Saturday, December 13, 2025

Scott Sumner on The Great Depression.

See The Great Depression: Elevator pitch. Excerpts:

"Between 1929 and early 1933, NGDP in the US fell by roughly 50%. So why didn’t all wages and prices also fall by 50%, leaving output and employment unchanged?" 

"The answer is “sticky wages and prices”, which is the key assumption in business cycle theory." 

"when smaller and more unpredictable changes in the purchasing power of money occur, wages and prices are slow to reflect this reality. The economy moves into “disequilibrium”, with either labor shortages (as in 2022), or huge labor surpluses (as in 1933.) A surplus of labor is called unemployment. When NGDP fell in half during the early 1930s, wages and prices did move somewhat lower, but the adjustment was far too small to prevent a major fall in output and employment."

"You can say that the Great Depression was “caused” by sticky wages and prices, but to me that’s like saying an airplane crash was caused by gravity. Sticky wages and prices are a given, what we need is a monetary policy that stabilizes total nominal spending and income, i.e., a stable path of NGDP. We didn’t have that policy in the early 1930s, and this policy failure resulted in the Great Depression."

"In the early 1930s, there were two media of account, US currency notes and gold. There was a fixed exchange rate between them at $1 = 1/20.67 ounces of gold (which is smaller than a dime)."

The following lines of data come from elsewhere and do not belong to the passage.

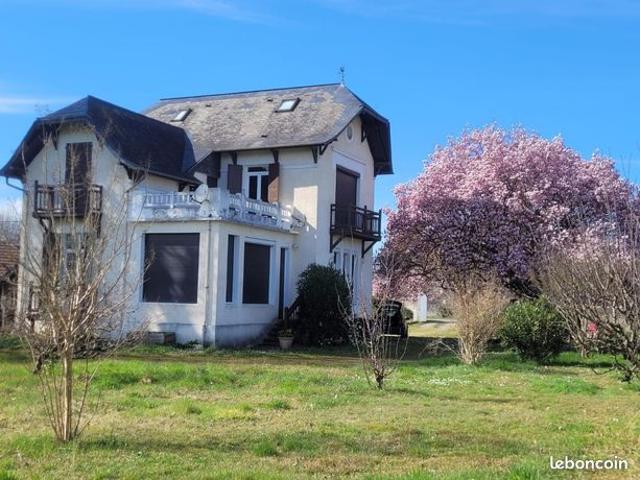 Propriété 7 pièces 180 m²
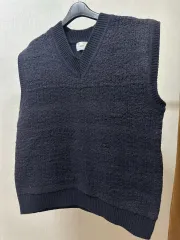 e:um ニット 厚手 ベスト ネイビー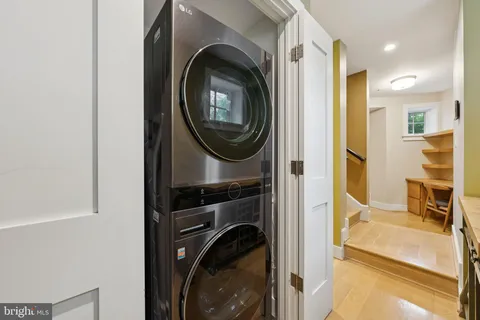 a view of a bedroom with washer and dryer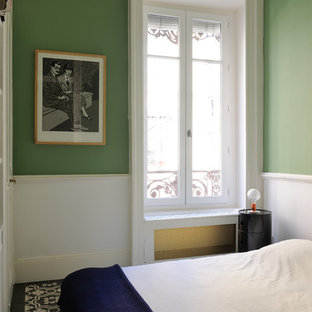 Foto de dormitorio principal, clásico renovado, pequeño, sin chimenea, con paredes verdes y suelo de baldosas de cerámica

In 1929, changes in US nominal variables could be modeled in one of two ways, changes in the value of US currency or changes in the value of gold. I found the gold modeling approach to be more useful, as it was a global gold standard and a global depression, so the best explanation needs to look beyond what was happening in the US. For example, the Canadian currency stock fell sharply during the early 1930s. But it’s not useful to think in terms of Canadian monetary policy causing the Canadian Great Depression. Their dollar was also tied to gold, and Canada was an innocent bystander, dragged into depression by monetary disturbances in bigger countries like the US and France, which boosted the global purchasing power of gold.

The US price level fell by roughly 25% during the early 1930s (depending how you measure it.) That means the two media of account (currency and gold) gained much more purchasing power. One ounce of gold could buy a lot more stuff in 1933 than in 1929, as the purchasing power of money is inversely proportional to the price of goods and services. But wages and prices did not fall anywhere near as much as the 50% decline in NGDP and as a result, real output and employment also fell sharply.

In a sense, the economic slump of 1929-33 was caused by a nominal shock—a sharp increase in the value of currency and gold, which depressed spending and output. To explain what “caused” the Great Depression, therefore, we need to explain what caused this nominal shock. Why did the purchasing power of gold rise so sharply during the early 1930s?

Supply and demand is our workhorse model for explaining changes in the value of any good, service, or asset, and gold is no different. Each year, the global supply of gold (the total stock of existing gold) gets a little bit bigger due to the output from gold mines, combined with the fact that very little gold is lost. Gold supply was not the problem.

If there was no decline in the total stock of gold, then any big increase in its value had to be due to an increase in gold demand. (The same is true of Bitcoin.) I argued that the Great Depression was caused by a big increase in gold demand between 1929 and 1933. But it doesn’t take 500 pages to make that simple point. Therefore, I also analyzed the various factors that led to increased gold demand. 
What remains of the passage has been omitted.